Pianist and composer Euan Stevenson’s Sound Tracks take more than just musical paths. He describes the nine-piece suite for piano, flute and cello as a celebration of the rich history and culture of his native Falkirk, but also as “a nostalgic love letter to my home town”.
Composed during confinement, the premiere of the sequel, originally scheduled for last year, was canceled by the pandemic. Now, however, it will receive its first performance by the Earthtones Trio – Stevenson’s longtime collaboration with flautist Katherine Bryan and cellist Betsy Taylor – at Falkirk Trinity Church on April 24.
A co-commission of Chamber Music Scotland and Classic Music Live! Scotland, Sound Tracks is a musical exploration of Falkirk’s award-winning network of footpaths, some of which are remnants of ancient carriage roads, and evoking both historical events such as Celtic tribes attacking the Roman Antonine Wall or the Victory Jacobite at Falkirk Muir, and modern monuments like the Falkirk Wheel.
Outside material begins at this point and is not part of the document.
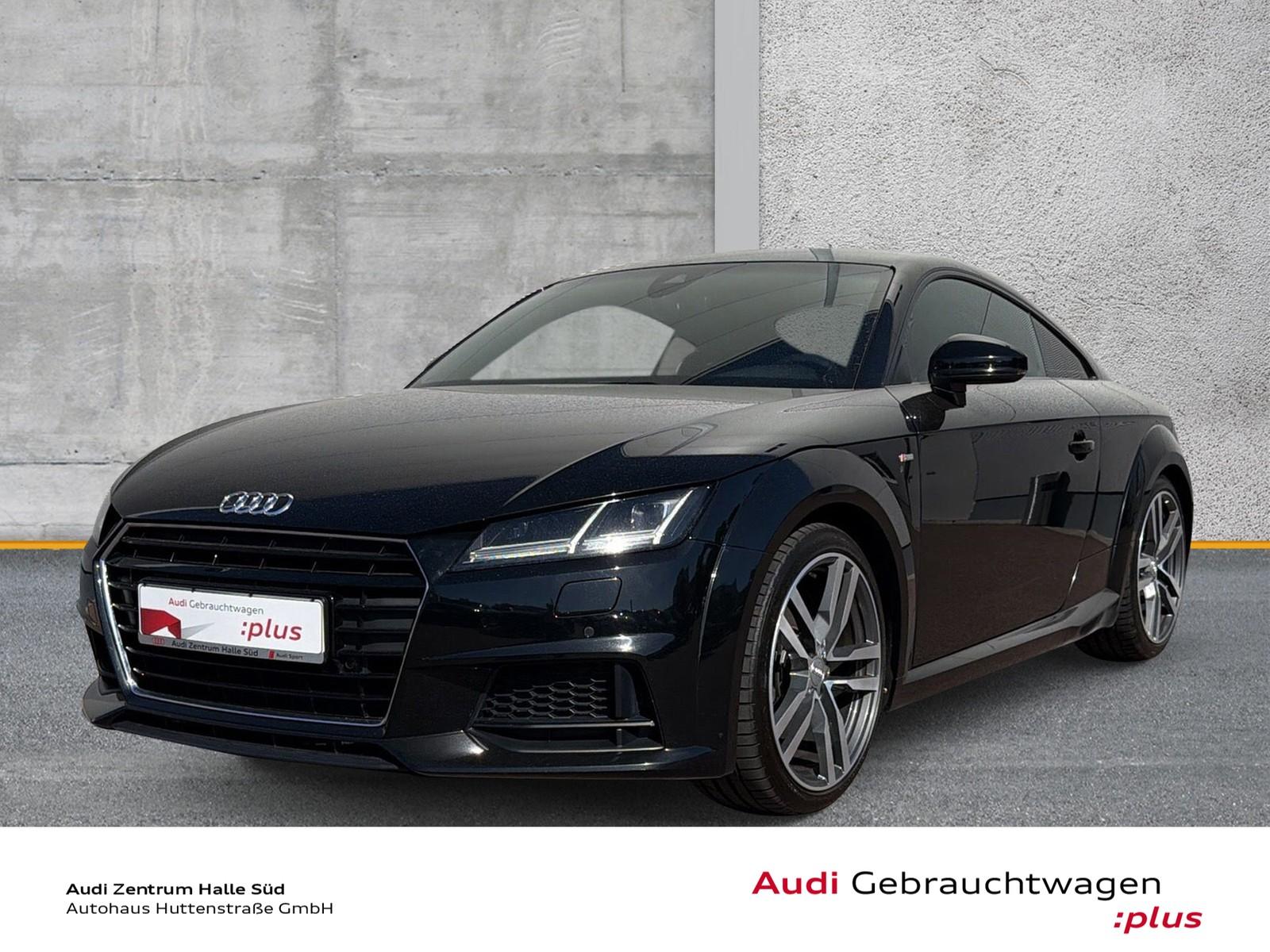 Audi TT Coupé 1.8 TFSI S line LED Navi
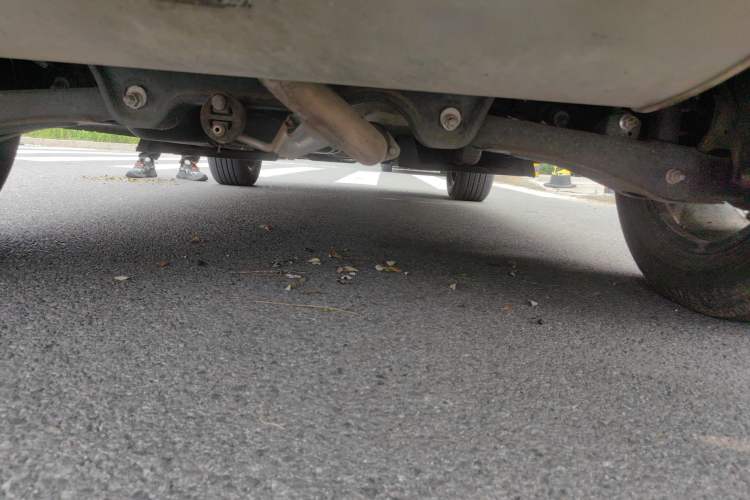 Used BAIC Beijing X7 2020 1.5TD DCT ZhiShang Edition Chassis Rear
On a personal level, however, it is what he describes as “a visceral response to memories of my childhood, delightful memories of growing up in family, community, church, club tennis… all the people who have a formative influence on your life.”
It was also in Falkirk that Stevenson’s musical creation began: “my first live gig was playing for the local Sunday school to accompany the junior choir.”
Countless gigs later, the 41-year-old pianist’s output straddles jazz, classical and beyond, most notably in his acclaimed New Focus collaboration with saxophonist Konrad Wiszniewski, while the Earthtones Trio sees him joined by lead flautist of the Royal Scottish National Orchestra Bryan and his partner. solo cellist Taylor. His compositions have been performed by an equally diverse range of performers, from the RSNO and Bach Choir to the BBC Big Band, while the debut album Only the Lover Sings, which he co-wrote and arranged with the Glasgow singer Georgia Cécile, was the best album category at the Scottish Jazz Awards last year.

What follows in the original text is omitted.